# YOUR INSTRUCTIONS
Only the total should be returned: the number of lines in the data that hold the string "Blue".

# TASK MATERIAL

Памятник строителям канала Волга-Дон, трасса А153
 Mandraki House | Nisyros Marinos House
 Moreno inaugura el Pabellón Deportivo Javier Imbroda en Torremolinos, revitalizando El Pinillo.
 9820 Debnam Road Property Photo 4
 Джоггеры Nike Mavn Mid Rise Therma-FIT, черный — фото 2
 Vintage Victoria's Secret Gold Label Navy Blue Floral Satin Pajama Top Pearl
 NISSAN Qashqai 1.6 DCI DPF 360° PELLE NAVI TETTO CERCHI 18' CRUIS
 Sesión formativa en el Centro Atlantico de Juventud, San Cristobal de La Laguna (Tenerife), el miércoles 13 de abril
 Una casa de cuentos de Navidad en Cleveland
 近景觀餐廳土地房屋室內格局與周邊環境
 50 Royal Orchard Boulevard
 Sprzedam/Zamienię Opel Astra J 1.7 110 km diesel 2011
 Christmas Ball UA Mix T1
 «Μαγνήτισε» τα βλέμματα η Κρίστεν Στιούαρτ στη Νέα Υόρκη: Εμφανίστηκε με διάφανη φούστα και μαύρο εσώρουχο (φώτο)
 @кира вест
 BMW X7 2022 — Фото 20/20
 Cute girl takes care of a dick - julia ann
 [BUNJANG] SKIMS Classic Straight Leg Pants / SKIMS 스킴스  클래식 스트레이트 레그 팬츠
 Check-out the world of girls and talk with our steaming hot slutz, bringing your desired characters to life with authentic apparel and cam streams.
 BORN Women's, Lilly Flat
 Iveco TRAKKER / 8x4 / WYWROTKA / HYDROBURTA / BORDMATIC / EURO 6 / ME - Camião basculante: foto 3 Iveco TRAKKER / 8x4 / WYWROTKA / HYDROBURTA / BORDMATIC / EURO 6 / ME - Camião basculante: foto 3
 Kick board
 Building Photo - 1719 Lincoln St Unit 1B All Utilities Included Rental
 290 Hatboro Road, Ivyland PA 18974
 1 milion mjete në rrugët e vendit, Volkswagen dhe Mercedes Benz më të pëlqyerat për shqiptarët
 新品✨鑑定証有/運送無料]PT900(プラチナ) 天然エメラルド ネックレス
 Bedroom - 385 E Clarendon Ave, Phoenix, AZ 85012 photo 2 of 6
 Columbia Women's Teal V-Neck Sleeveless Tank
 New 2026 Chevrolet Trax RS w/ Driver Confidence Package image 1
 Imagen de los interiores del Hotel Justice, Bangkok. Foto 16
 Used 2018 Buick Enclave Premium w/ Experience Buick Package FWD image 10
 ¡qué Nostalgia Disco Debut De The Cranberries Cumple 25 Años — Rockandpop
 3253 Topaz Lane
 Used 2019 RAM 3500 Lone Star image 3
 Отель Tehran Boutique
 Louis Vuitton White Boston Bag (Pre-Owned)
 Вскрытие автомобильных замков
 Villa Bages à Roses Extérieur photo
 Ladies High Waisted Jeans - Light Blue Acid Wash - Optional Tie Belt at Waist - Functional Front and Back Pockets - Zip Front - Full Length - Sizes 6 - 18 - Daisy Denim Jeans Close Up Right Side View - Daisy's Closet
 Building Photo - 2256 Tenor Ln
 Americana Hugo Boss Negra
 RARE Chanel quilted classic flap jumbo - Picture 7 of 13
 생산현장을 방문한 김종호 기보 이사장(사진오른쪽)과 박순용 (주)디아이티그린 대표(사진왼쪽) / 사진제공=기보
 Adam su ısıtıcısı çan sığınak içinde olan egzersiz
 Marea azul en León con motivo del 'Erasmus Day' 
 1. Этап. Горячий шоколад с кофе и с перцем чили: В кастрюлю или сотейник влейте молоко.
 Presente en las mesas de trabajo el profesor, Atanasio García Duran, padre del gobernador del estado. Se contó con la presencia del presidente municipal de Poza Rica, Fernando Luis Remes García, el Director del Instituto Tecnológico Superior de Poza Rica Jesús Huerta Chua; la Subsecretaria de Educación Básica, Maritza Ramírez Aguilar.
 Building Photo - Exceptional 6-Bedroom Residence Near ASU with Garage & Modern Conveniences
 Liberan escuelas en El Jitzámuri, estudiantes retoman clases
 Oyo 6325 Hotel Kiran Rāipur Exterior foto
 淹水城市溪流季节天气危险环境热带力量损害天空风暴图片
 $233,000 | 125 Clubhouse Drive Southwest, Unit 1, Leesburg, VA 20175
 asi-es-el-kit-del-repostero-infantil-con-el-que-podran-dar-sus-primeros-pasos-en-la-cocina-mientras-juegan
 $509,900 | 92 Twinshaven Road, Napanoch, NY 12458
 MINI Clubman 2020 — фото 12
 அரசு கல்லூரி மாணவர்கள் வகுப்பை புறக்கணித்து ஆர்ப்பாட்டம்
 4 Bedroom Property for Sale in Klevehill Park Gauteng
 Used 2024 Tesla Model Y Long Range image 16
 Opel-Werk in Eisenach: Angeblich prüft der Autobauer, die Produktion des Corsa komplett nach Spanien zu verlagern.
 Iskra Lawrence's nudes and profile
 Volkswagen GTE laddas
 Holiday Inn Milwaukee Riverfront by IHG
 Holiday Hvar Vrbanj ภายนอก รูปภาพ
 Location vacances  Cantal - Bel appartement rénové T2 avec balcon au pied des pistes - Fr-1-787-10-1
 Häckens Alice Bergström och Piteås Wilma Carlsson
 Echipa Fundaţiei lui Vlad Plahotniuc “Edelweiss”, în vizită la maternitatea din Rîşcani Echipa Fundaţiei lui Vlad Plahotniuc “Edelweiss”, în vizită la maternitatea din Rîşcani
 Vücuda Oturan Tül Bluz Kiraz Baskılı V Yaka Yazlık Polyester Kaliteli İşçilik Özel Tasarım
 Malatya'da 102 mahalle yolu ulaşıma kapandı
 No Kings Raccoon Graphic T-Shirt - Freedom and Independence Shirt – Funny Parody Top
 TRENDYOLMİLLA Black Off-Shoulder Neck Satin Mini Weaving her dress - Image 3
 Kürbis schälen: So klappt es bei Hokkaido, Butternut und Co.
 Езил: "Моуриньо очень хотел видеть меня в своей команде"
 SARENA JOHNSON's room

# EXERCISE RESULT
2